• [Given information]:
* * *

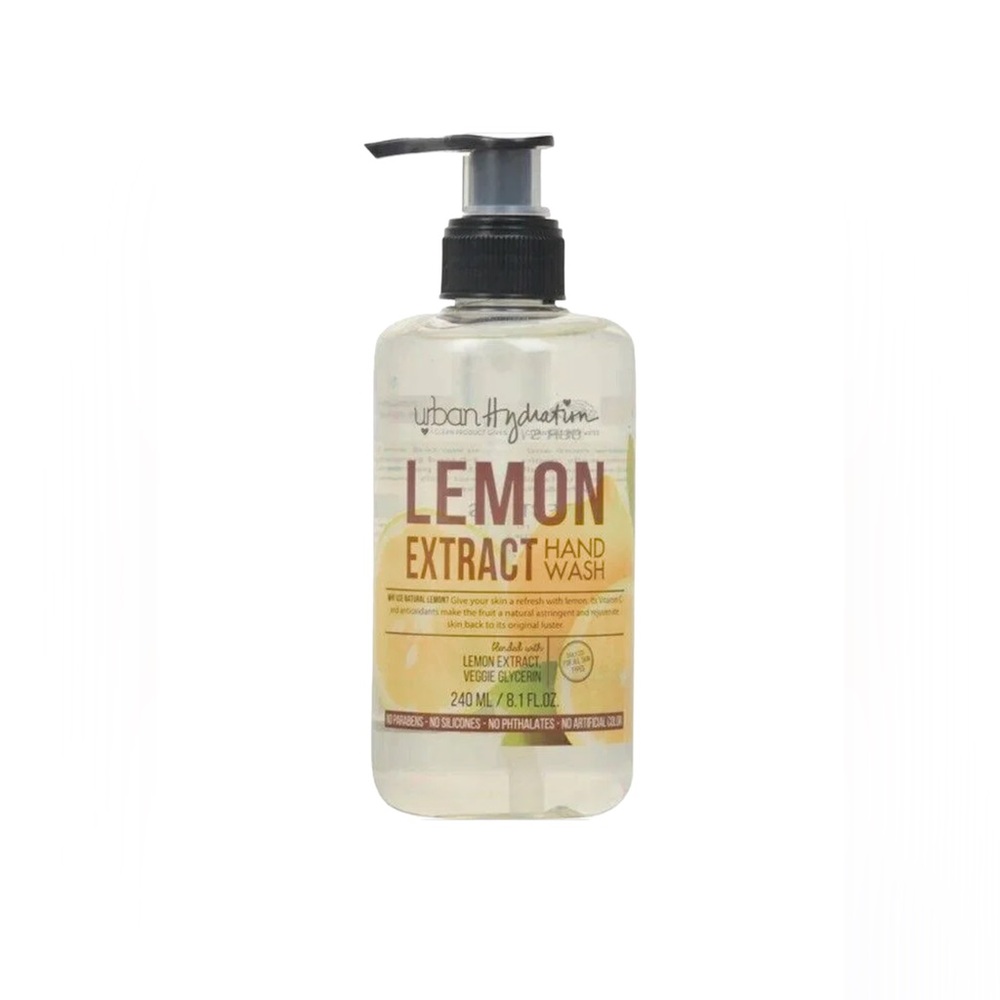 Lemon Extract Hand Wash - Picture 2 of 6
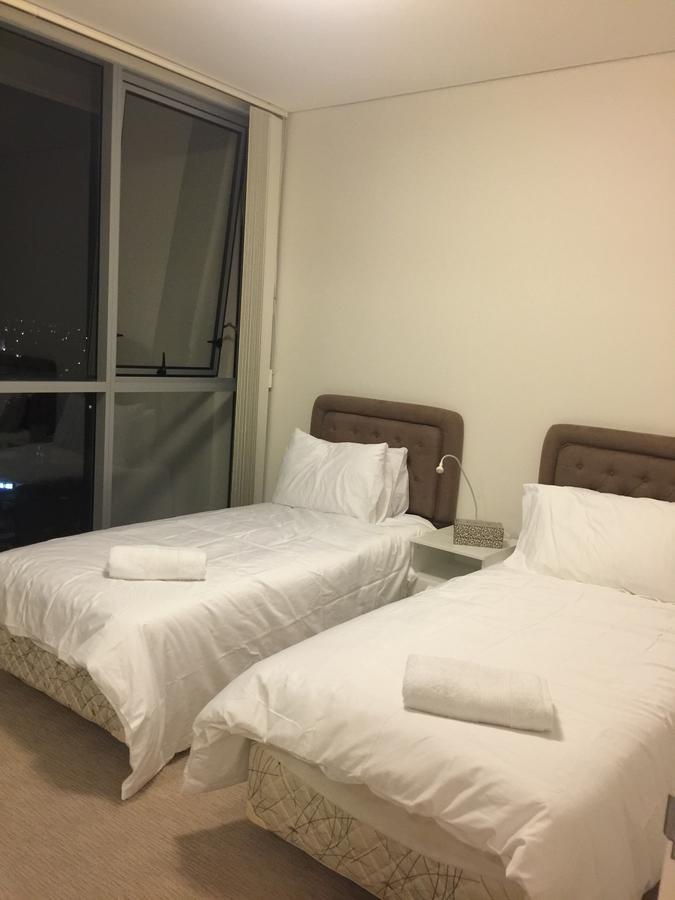 2 Bedroom High Rise Apartment Audley Екстер'єр фото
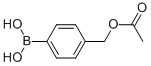 4-(ACETOXYMETHYL)BENZENEBORONIC ACID 97 CAS#: 326496-51-9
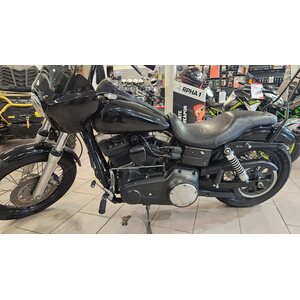 HD FXDB Dyna Street Bob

* * *

• [Instructions to follow]:
Every line from the one containing "4-(ACETOXYMETHYL)BENZENEBORONIC ACID 97" through the last line of the data is to be retyped exactly, with nothing added and no pictures included.

• [Reply]:
 4-(ACETOXYMETHYL)BENZENEBORONIC ACID 97 CAS#: 326496-51-9
 HD FXDB Dyna Street Bob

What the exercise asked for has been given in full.